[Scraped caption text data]
◇ ◇ ◇

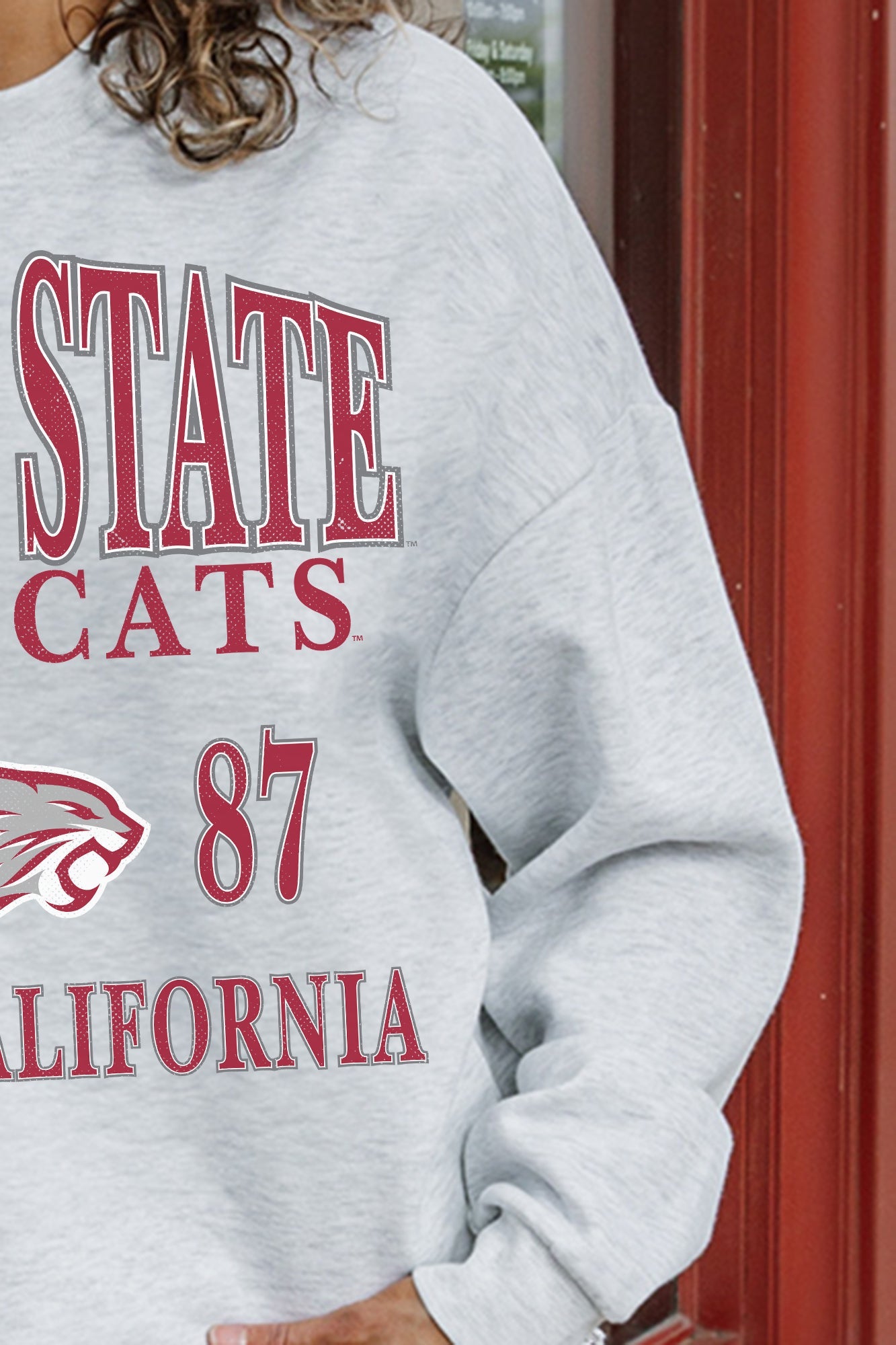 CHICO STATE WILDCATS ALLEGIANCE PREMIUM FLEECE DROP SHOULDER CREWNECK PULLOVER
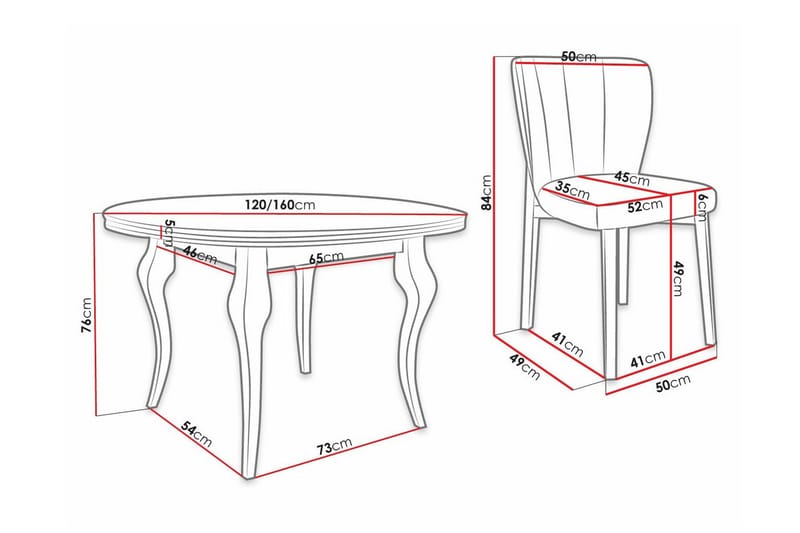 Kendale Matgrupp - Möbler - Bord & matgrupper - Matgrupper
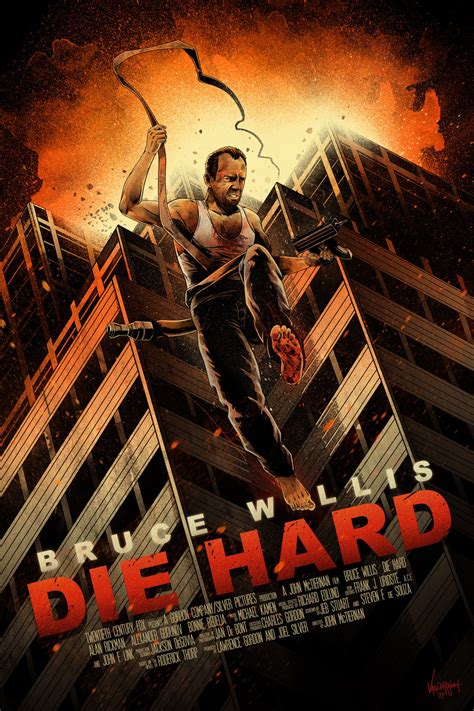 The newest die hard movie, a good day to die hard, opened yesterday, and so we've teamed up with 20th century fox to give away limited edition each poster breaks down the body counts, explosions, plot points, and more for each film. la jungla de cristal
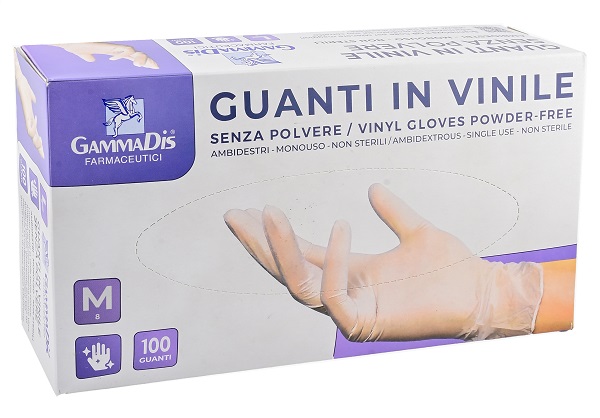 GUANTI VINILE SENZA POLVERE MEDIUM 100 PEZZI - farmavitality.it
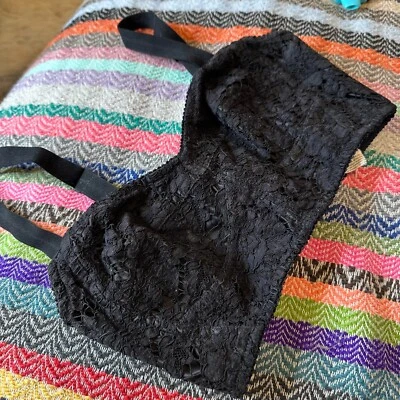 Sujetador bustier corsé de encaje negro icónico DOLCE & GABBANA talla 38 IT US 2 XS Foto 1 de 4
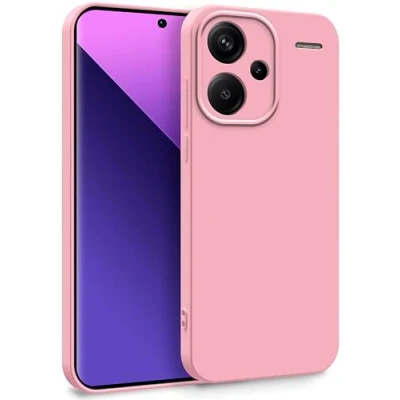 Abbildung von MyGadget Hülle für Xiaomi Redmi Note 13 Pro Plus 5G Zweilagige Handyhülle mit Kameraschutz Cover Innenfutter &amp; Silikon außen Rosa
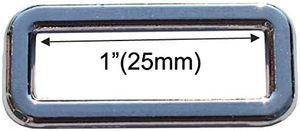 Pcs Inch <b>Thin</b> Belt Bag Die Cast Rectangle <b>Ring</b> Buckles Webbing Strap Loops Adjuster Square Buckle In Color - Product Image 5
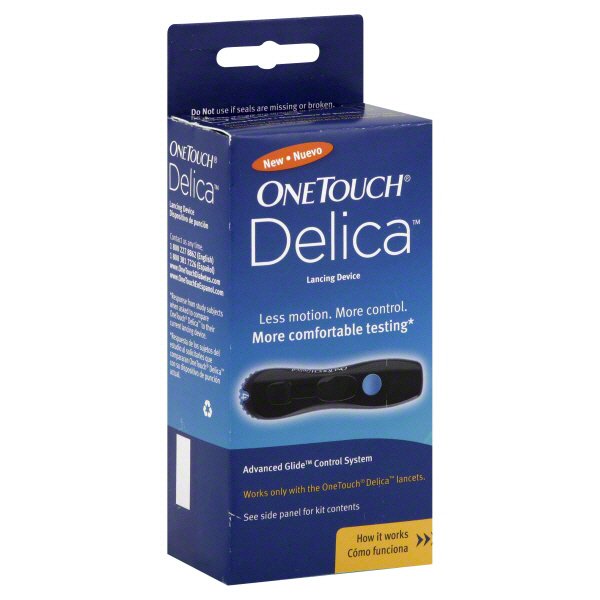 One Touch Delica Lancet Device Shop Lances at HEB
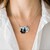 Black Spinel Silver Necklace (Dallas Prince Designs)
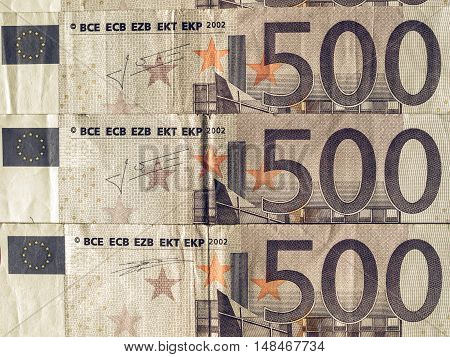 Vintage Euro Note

◇ ◇ ◇

◆ Task objective ◆
For this exercise, transcribe exactly the part of the records above that opens with the line containing "The newest die" and closes with the one containing "Abbildung von MyGadget". Pictures are not part of the copy.

◆ Written answer ◆
 The newest die hard movie, a good day to die hard, opened yesterday, and so we've teamed up with 20th century fox to give away limited edition each poster breaks down the body counts, explosions, plot points, and more for each film. la jungla de cristal
 GUANTI VINILE SENZA POLVERE MEDIUM 100 PEZZI - farmavitality.it
 Sujetador bustier corsé de encaje negro icónico DOLCE & GABBANA talla 38 IT US 2 XS Foto 1 de 4
 Abbildung von MyGadget Hülle für Xiaomi Redmi Note 13 Pro Plus 5G Zweilagige Handyhülle mit Kameraschutz Cover Innenfutter &amp; Silikon außen Rosa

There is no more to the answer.